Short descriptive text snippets

....

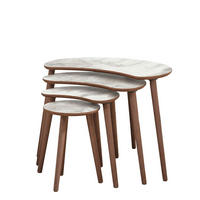 COUCHTISCH moon weiss - Weiß, Holz (40/75/55cm) - Habitat Garten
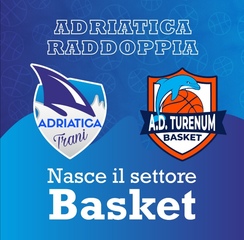 L'Adriatica raddoppia, nasce il settore basket con la Asd Turenum: il minibasket sarà guidato da Niki Ceci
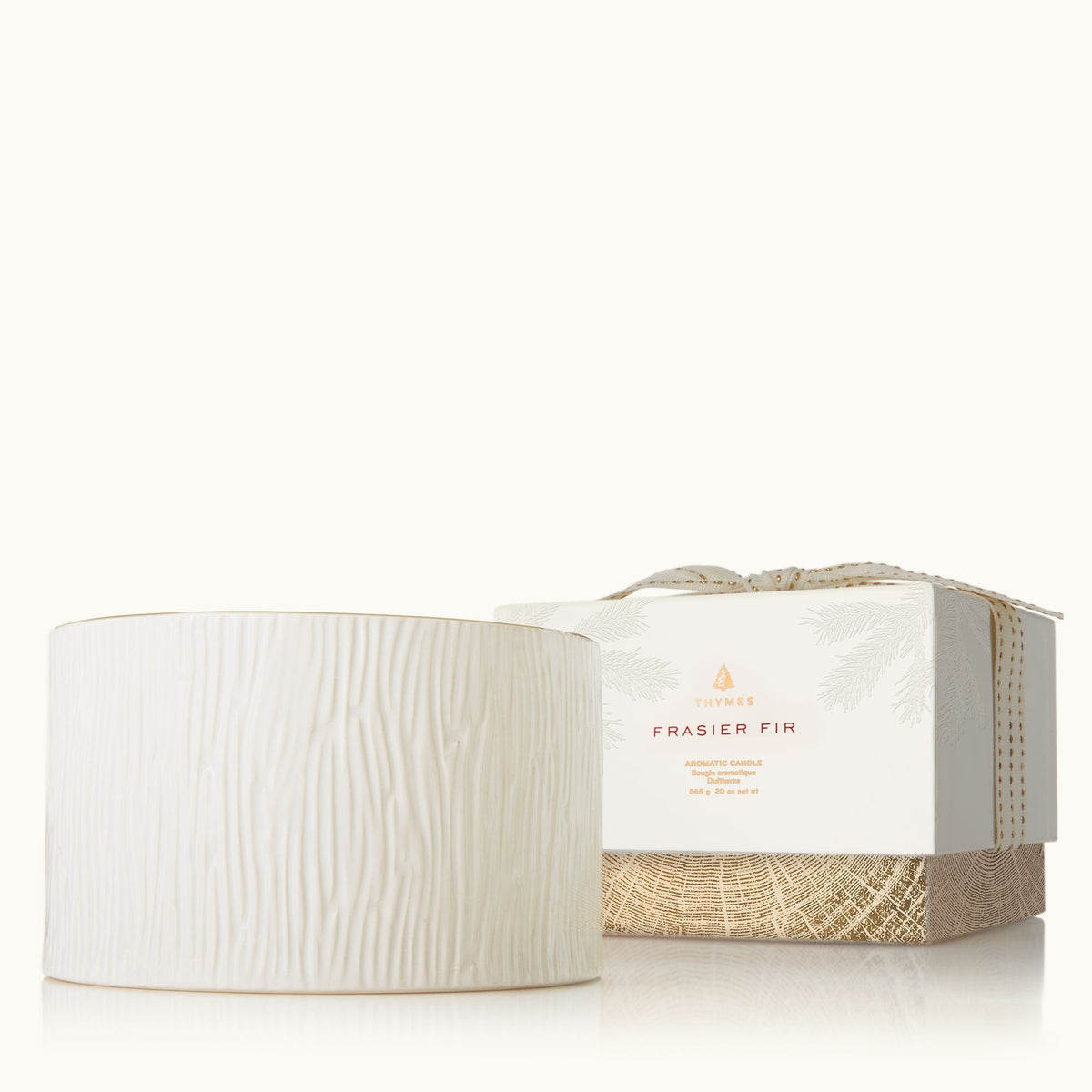 Frasier Fir Gilded Ceramic 3-Wick Candle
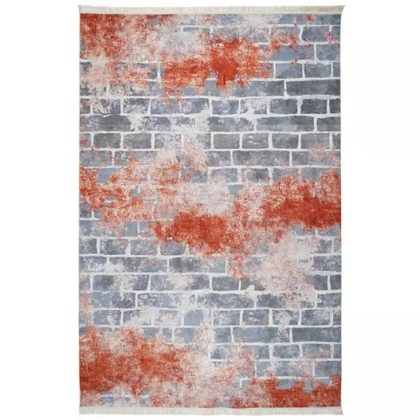 فرش مدرن طرح 100410 آجری 700 شانه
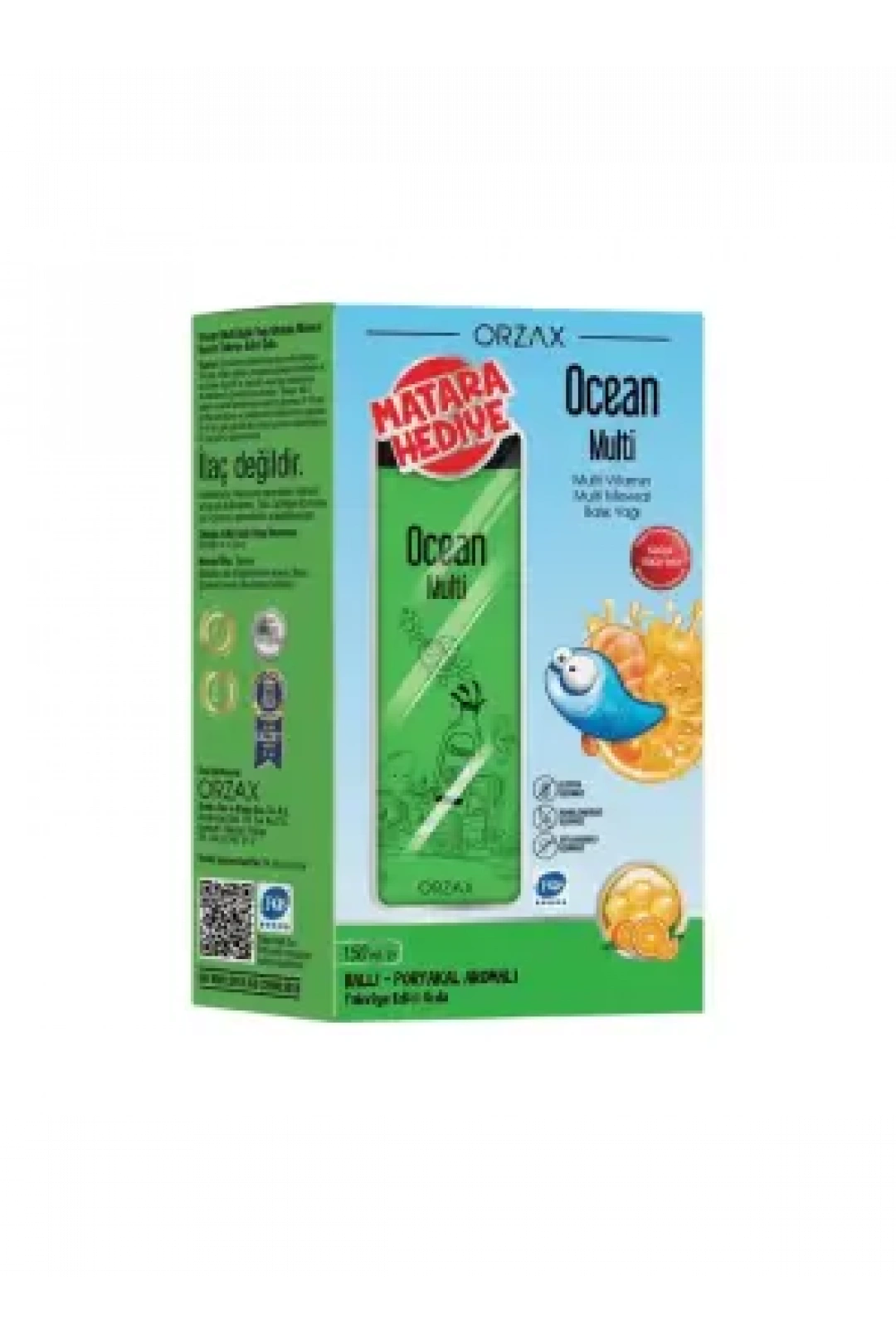 Ocean Multi Şurup Ballı ve Portakal Aromalı 150 ml - Matara Hediyeli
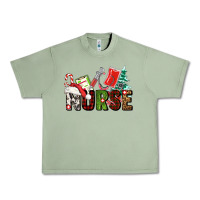 Oil Green Christmas nurse Urban Heavy Tee - AdoDesignShop
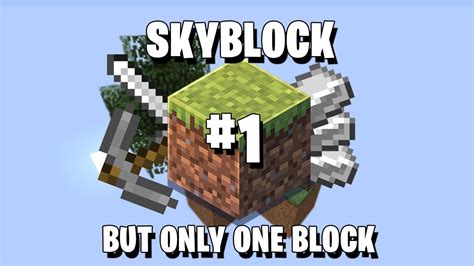 Minecraft Oneblock 1 Youtube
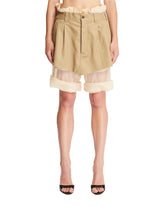 Beige Mini Skirt Shorts | PDP | Antonia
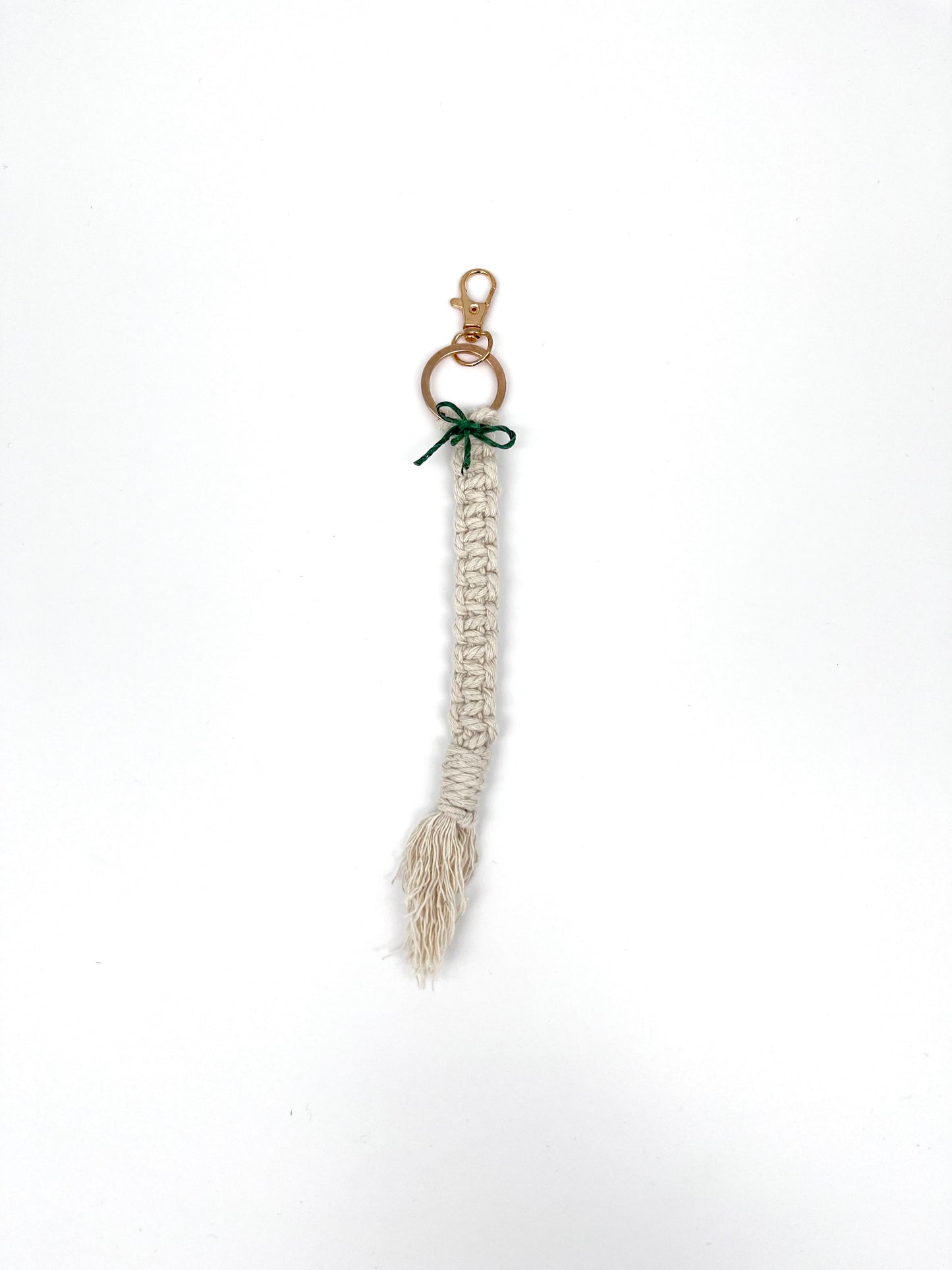 Macrame Ladder Keychain large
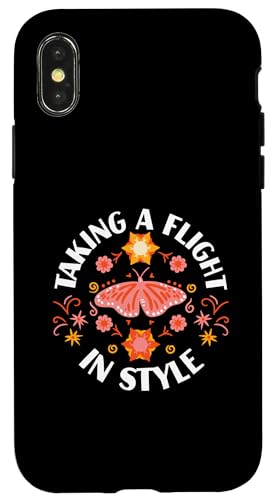 Schmetterling für Mädchen: Flug mit Stil Hülle für iPhone X/XS von Cute Butterfly Designs for Girls and Women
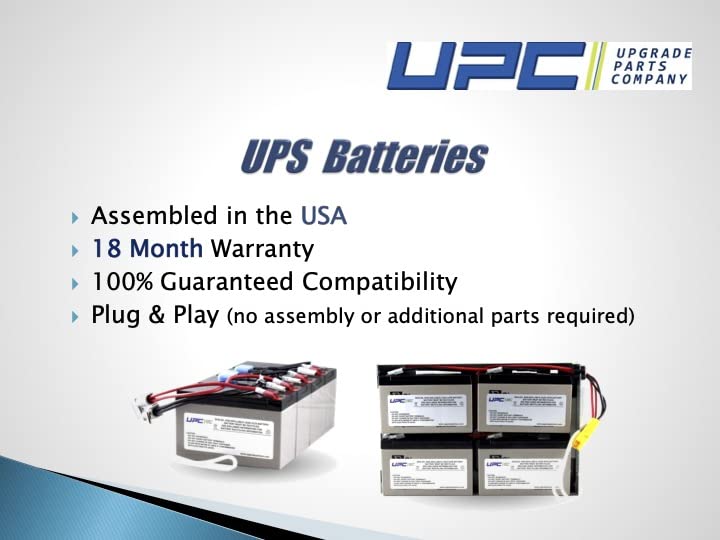 Rbc2 Upc Replacement Battery Pack For Apc Ups Models Bk300, Bk500, Bk350, Bk500M, Bk500Mc, Bk500Mus, Sc420, Be500R, Bk400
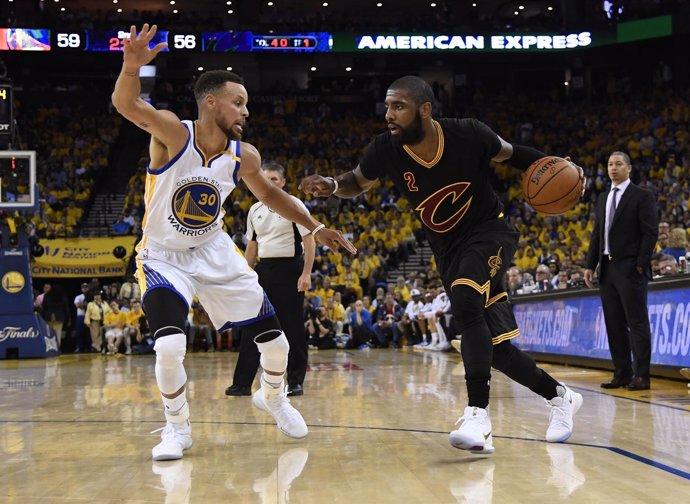 Stephen Curry Golden State Warriors Cleveland Cavaliers Kyrie Irving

....

■ Task
Write out the records word for word. Pictures stay out.

■ Response area
 COUCHTISCH moon weiss - Weiß, Holz (40/75/55cm) - Habitat Garten
 L'Adriatica raddoppia, nasce il settore basket con la Asd Turenum: il minibasket sarà guidato da Niki Ceci
 Frasier Fir Gilded Ceramic 3-Wick Candle
 فرش مدرن طرح 100410 آجری 700 شانه
 Ocean Multi Şurup Ballı ve Portakal Aromalı 150 ml - Matara Hediyeli
 Oil Green Christmas nurse Urban Heavy Tee - AdoDesignShop
 Minecraft Oneblock 1 Youtube
 Beige Mini Skirt Shorts | PDP | Antonia
 Macrame Ladder Keychain large
 Schmetterling für Mädchen: Flug mit Stil Hülle für iPhone X/XS von Cute Butterfly Designs for Girls and Women
 Rbc2 Upc Replacement Battery Pack For Apc Ups Models Bk300, Bk500, Bk350, Bk500M, Bk500Mc, Bk500Mus, Sc420, Be500R, Bk400
 Stephen Curry Golden State Warriors Cleveland Cavaliers Kyrie Irving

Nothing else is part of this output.